Reputation: 402
Can someone suggest the optimum solution for the following problem. Given an array of positive/negative integers, return the maximum "special sum". Given an array A, "Special sum" at each array index is defined as follows.

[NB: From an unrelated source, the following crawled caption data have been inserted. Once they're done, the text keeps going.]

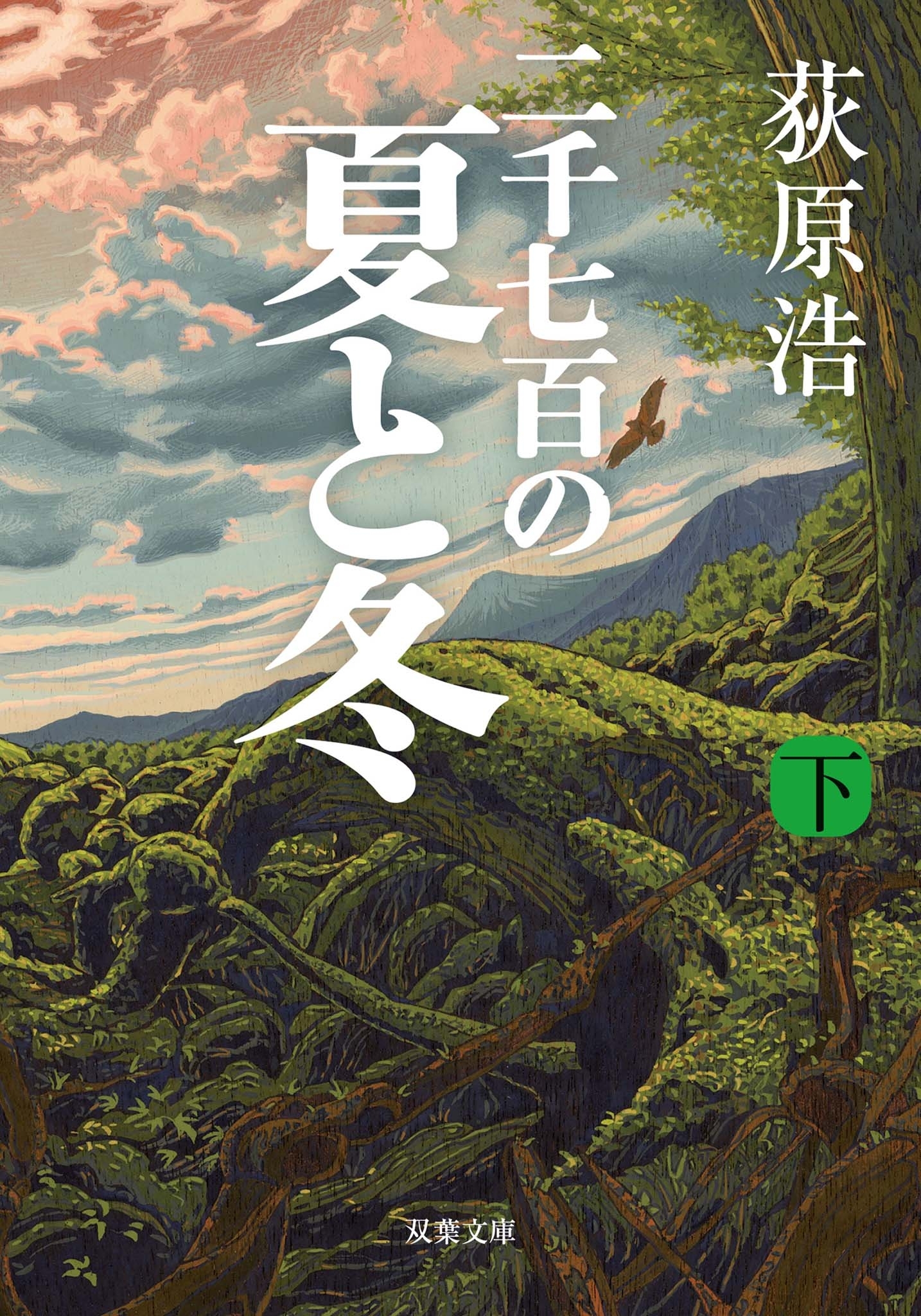 二千七百の夏と冬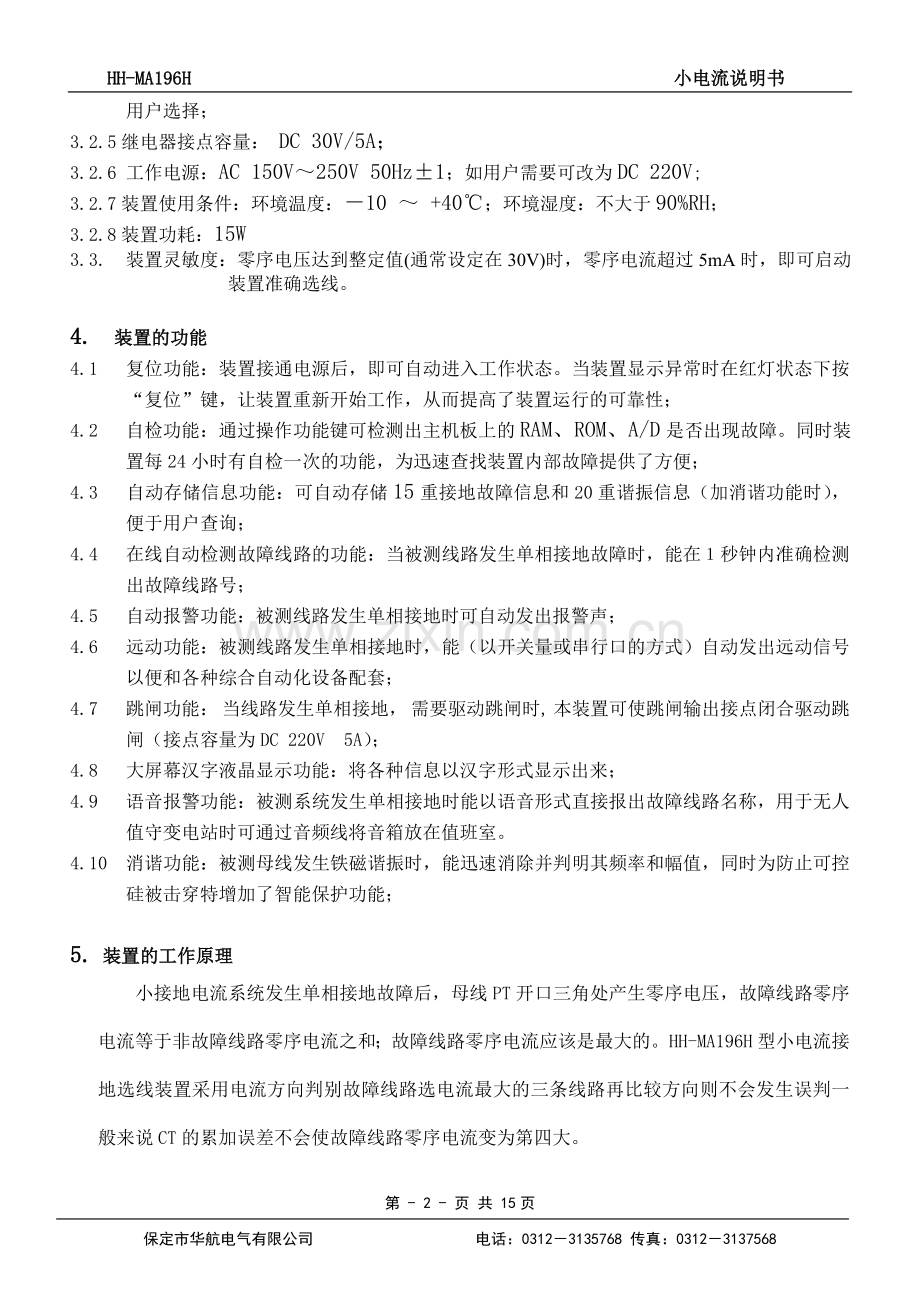 小电流接地选线装置.doc_第2页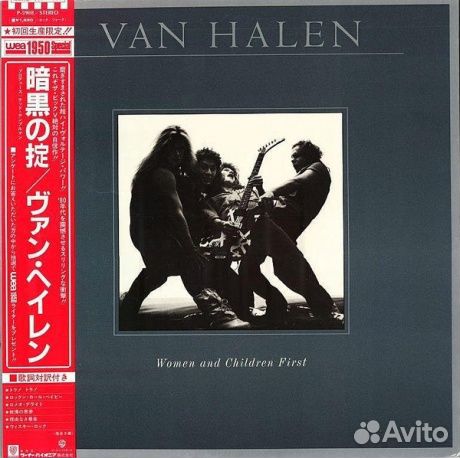 VAN halen - Women And Children First (LP, Used)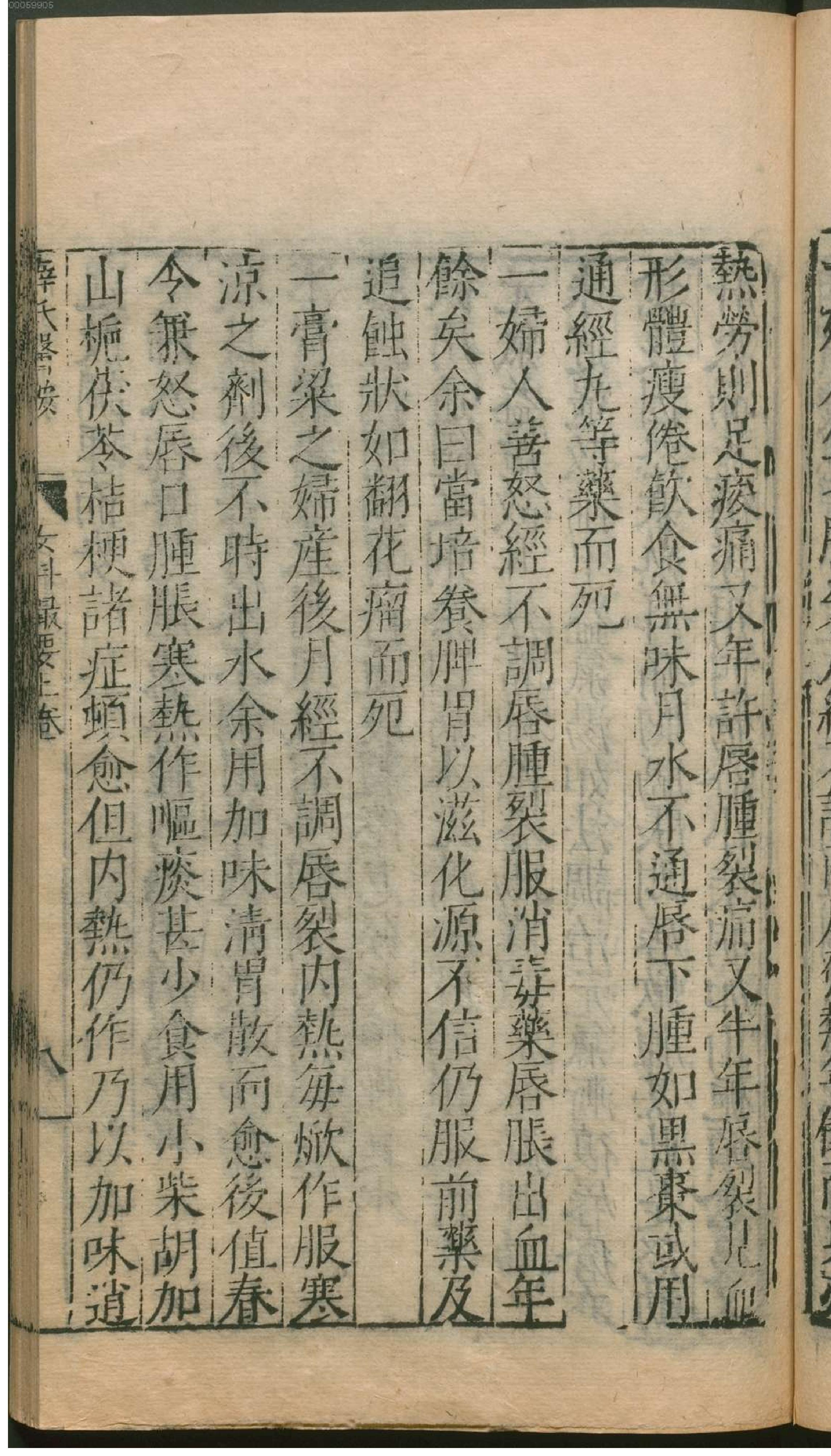 薛氏医按.4. han 19 ce.pdf_第24页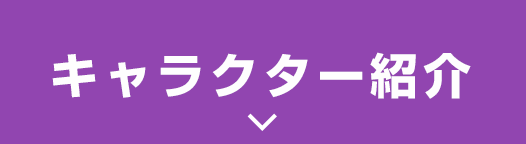 キャラクター紹介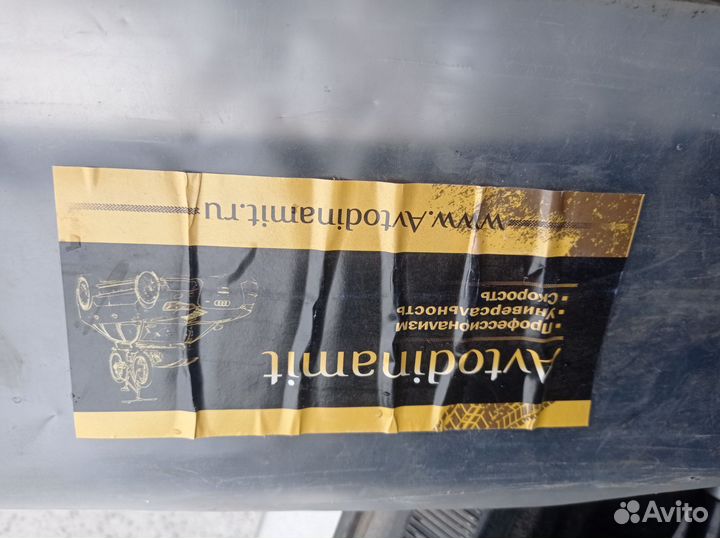 Мухобойка
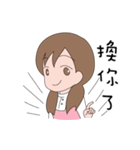 True mood of Little House's Life（個別スタンプ：29）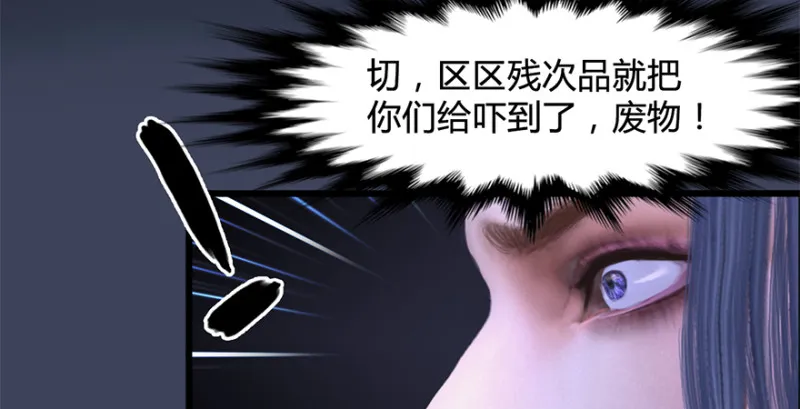 第236话：本大爷来了 第100页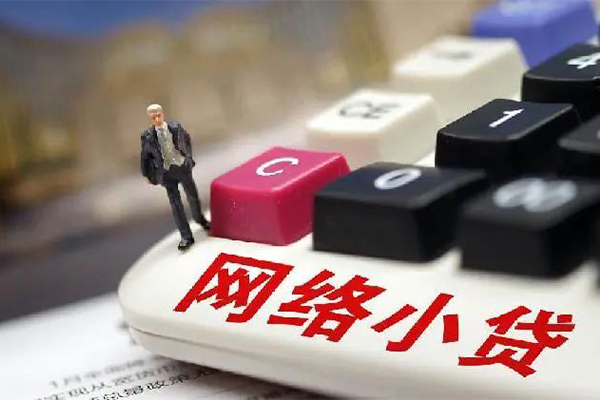 成都空放小额贷款空放-成都空放贷款信用贷款-成都空放空放借钱不看资产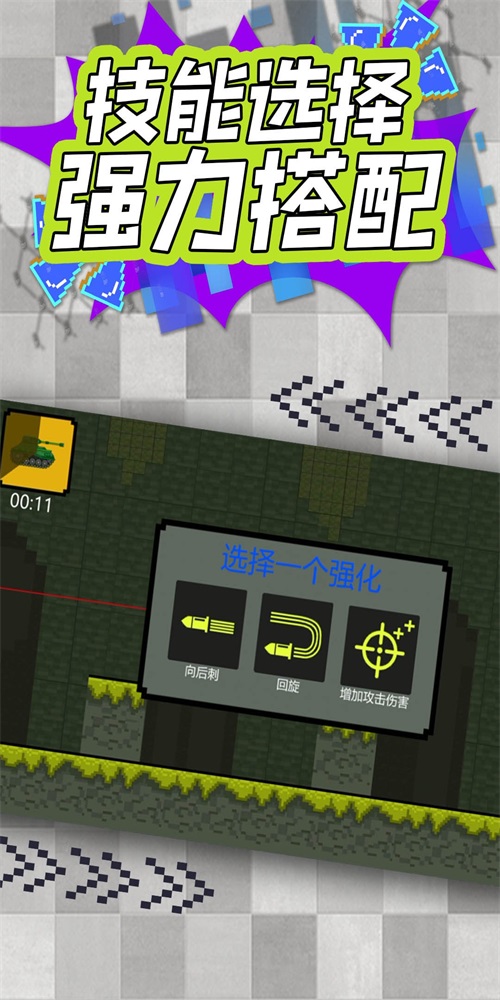 超级毁灭者app
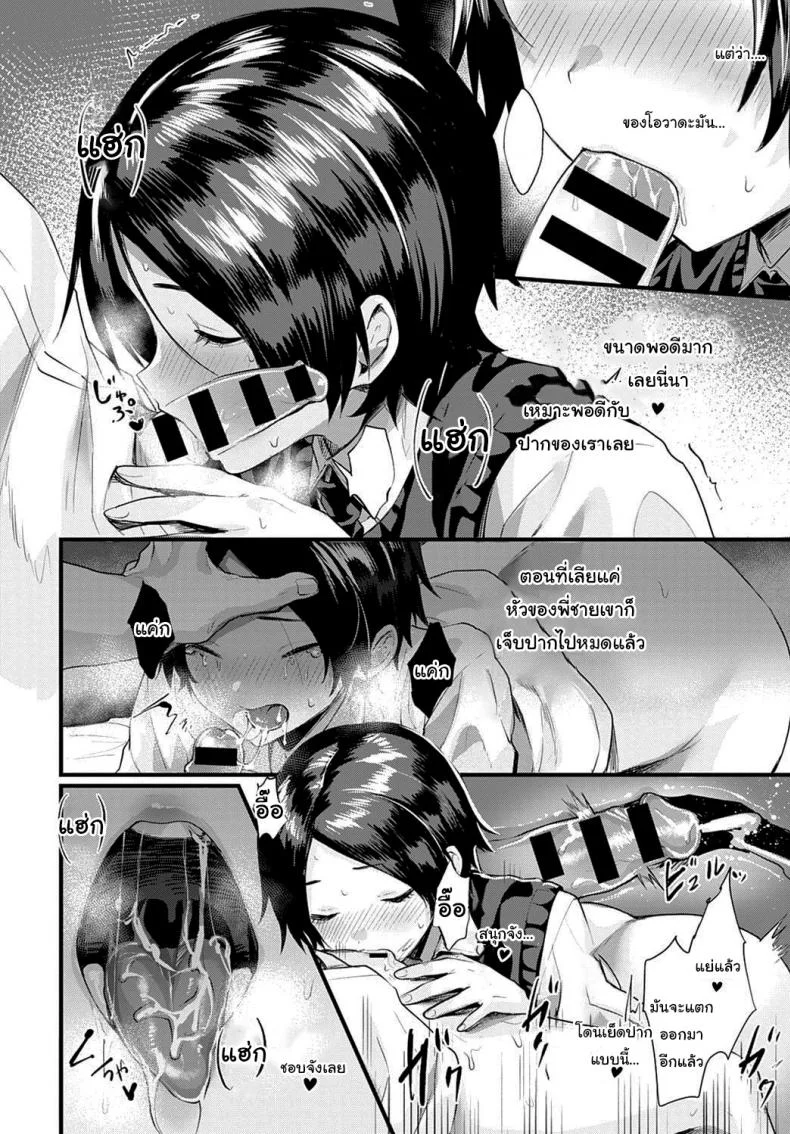 เป็นแบบนั้นก็ดีสิ [Echigoya Takeru] The Snow Magic (COMIC Anthurium 2021-04) หน้า 14
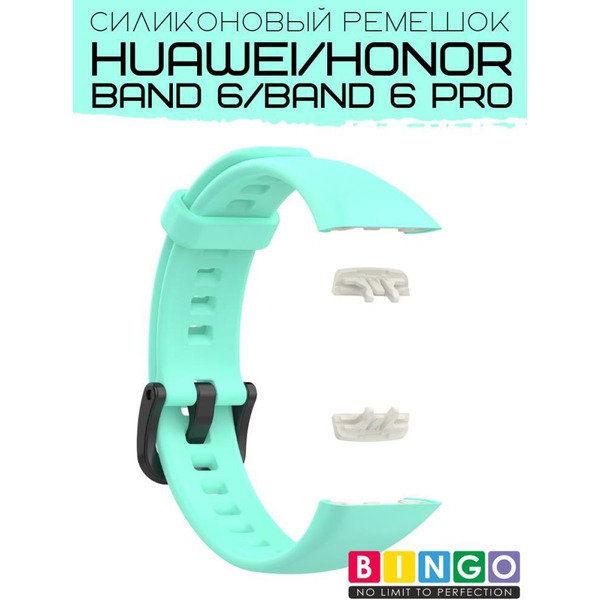 Ремешок Bingo Silicone для HUAWEI Band 6/HONOR Band 6/6 Pro Мята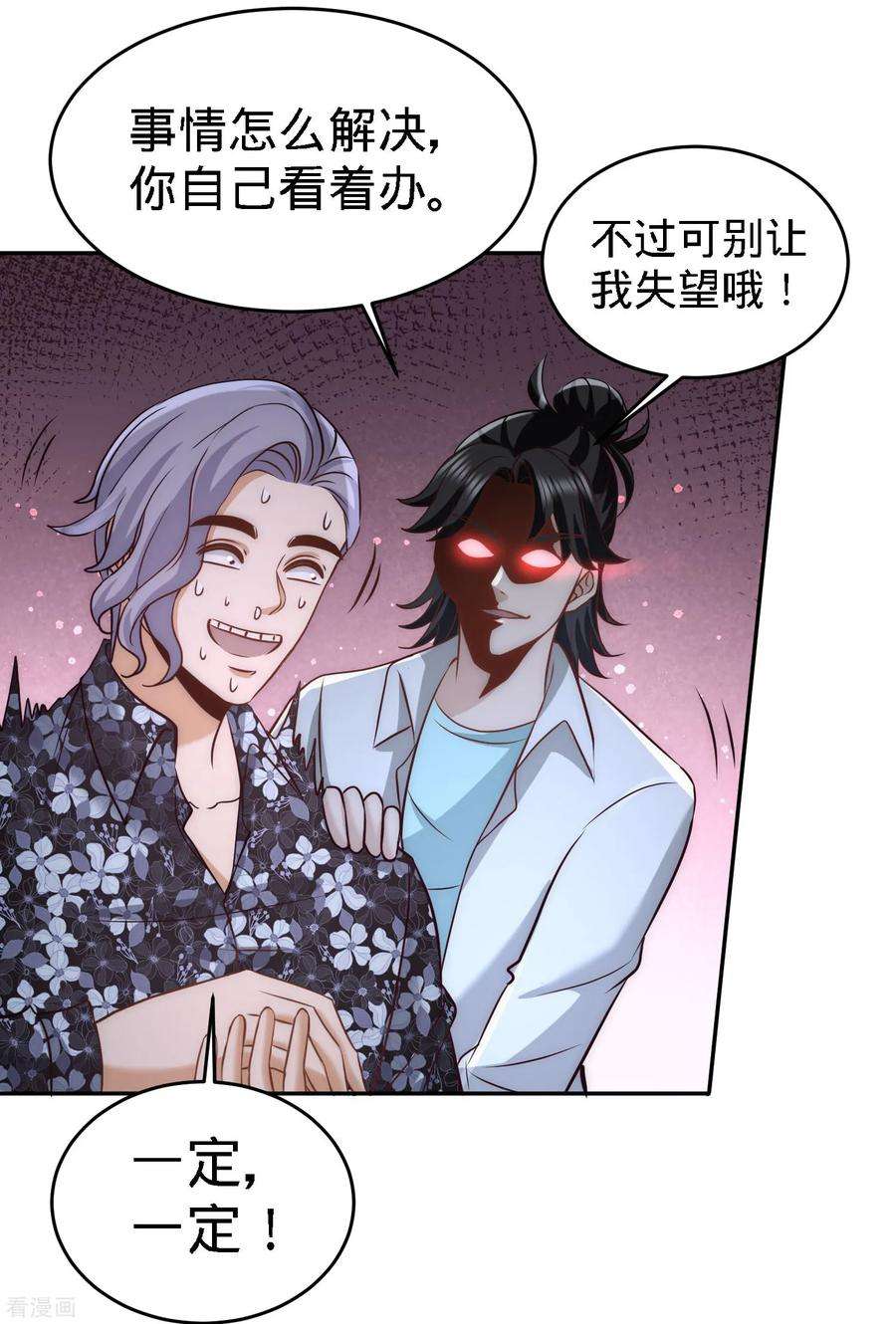 龙王殿28话 暧昧照片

S[i] = S[i] + (S[i+1] + S[i+2]) + (S[i+3] + S[i+4] + S[i+5]) + (S[i+6] + S[i+7] + S[i+8] + S[i+9]) + .....
i.e. To an element at index i we add next 2 element, then next 3, then next 4 till we have those subsets of numbers available in the array.
eg; Array A[1 3 1 2 5 -5] => Result : 8 Explanation:
S[0] = 1+(3+1)+(2+5-5)=7;
s[1] = 3+(1+2)=6;
S[3] = 1+(2+5)=8;
S[4] = 2+(5-5)=2;
S[5] = 5; S[6] = -5;
As S[3] is max that's the result. This could be solved using 3loops, is there an optimum way to solve it?
Upvotes: 1
Views: 87
Reputation: 5515
part 1
Given array S
of length N
consider following sequence:
R[i] = S[i+1] + s[i+2] + s[i+3] + ... + s[N-1] + s[N]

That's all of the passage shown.